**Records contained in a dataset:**
#####
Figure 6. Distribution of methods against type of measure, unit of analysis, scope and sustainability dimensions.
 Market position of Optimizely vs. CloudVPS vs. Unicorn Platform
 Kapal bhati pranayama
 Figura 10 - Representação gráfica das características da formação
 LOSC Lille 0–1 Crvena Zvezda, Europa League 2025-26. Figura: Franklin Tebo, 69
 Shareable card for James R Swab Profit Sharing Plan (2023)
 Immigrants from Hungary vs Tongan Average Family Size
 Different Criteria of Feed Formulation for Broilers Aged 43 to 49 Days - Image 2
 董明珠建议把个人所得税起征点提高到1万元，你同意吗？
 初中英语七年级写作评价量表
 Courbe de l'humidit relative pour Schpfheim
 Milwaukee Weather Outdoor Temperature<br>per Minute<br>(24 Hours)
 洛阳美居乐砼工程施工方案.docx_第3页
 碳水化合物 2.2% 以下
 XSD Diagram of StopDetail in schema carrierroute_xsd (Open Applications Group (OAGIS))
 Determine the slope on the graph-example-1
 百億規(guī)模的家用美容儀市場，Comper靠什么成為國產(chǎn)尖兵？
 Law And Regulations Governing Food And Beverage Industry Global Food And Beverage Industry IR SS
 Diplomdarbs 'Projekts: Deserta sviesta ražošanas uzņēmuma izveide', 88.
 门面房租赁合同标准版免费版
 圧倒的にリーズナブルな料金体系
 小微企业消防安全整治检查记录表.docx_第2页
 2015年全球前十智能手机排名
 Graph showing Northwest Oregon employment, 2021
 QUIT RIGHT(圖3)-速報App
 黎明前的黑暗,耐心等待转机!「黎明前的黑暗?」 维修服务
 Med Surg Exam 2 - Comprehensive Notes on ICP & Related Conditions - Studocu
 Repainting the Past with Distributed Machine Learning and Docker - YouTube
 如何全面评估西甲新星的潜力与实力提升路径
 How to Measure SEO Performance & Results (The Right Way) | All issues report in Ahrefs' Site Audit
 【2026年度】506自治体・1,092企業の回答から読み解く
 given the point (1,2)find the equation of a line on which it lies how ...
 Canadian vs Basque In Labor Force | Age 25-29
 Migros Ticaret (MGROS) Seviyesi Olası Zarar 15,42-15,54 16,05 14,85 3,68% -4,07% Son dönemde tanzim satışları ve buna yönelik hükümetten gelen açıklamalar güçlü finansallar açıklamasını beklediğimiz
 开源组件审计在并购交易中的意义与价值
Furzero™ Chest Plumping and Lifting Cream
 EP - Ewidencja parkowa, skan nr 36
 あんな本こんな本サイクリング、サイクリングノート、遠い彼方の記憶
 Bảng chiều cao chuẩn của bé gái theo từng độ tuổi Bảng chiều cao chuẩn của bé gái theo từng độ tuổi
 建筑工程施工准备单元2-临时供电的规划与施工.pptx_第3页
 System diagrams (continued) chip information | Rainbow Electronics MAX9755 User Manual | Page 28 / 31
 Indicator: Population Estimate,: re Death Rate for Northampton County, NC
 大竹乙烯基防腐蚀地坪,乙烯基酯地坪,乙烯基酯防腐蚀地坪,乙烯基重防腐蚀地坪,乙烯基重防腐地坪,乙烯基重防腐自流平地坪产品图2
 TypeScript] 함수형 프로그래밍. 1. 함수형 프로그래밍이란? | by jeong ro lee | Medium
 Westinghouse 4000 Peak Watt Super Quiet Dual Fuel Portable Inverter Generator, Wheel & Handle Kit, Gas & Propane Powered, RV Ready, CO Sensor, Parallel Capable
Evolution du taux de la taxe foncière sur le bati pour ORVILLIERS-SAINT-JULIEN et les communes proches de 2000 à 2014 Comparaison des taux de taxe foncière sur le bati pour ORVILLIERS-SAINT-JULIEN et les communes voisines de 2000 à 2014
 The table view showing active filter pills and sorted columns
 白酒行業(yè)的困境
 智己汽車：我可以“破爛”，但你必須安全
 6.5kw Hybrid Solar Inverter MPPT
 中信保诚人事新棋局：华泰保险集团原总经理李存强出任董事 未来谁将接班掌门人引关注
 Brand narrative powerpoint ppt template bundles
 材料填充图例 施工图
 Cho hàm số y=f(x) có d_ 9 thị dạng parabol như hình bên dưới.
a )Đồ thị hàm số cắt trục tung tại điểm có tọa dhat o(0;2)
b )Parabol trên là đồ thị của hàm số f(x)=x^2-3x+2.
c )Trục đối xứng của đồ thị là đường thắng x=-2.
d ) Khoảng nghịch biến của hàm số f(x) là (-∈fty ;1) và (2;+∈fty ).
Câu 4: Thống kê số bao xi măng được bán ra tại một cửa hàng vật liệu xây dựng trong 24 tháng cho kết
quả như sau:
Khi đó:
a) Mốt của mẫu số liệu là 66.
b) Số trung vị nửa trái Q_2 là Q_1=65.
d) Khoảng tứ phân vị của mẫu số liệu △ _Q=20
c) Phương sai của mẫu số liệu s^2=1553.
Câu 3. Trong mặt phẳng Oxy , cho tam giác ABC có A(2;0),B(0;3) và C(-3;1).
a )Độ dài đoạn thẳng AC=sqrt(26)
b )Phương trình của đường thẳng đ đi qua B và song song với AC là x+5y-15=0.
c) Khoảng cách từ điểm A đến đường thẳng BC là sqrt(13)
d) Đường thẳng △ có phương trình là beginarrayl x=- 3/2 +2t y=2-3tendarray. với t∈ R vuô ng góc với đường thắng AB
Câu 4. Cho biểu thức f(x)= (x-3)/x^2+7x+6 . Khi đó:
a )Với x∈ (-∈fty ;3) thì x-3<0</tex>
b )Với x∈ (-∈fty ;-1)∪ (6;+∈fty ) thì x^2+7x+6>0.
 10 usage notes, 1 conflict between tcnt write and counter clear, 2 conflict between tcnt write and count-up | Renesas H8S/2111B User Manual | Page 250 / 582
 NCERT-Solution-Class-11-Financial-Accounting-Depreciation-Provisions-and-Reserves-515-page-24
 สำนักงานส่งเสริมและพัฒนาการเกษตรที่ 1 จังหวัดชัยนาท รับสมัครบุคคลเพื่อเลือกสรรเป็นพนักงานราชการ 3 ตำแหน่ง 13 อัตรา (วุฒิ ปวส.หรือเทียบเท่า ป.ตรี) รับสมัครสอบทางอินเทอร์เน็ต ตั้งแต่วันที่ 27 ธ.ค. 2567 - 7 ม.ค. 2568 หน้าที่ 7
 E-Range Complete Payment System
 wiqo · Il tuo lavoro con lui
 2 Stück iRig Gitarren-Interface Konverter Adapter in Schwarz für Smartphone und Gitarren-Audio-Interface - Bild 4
#####
**Directions for this task:** Could you tally the lines in these records that contain the word "liệu" and give only the result?

**Exercise output:** 4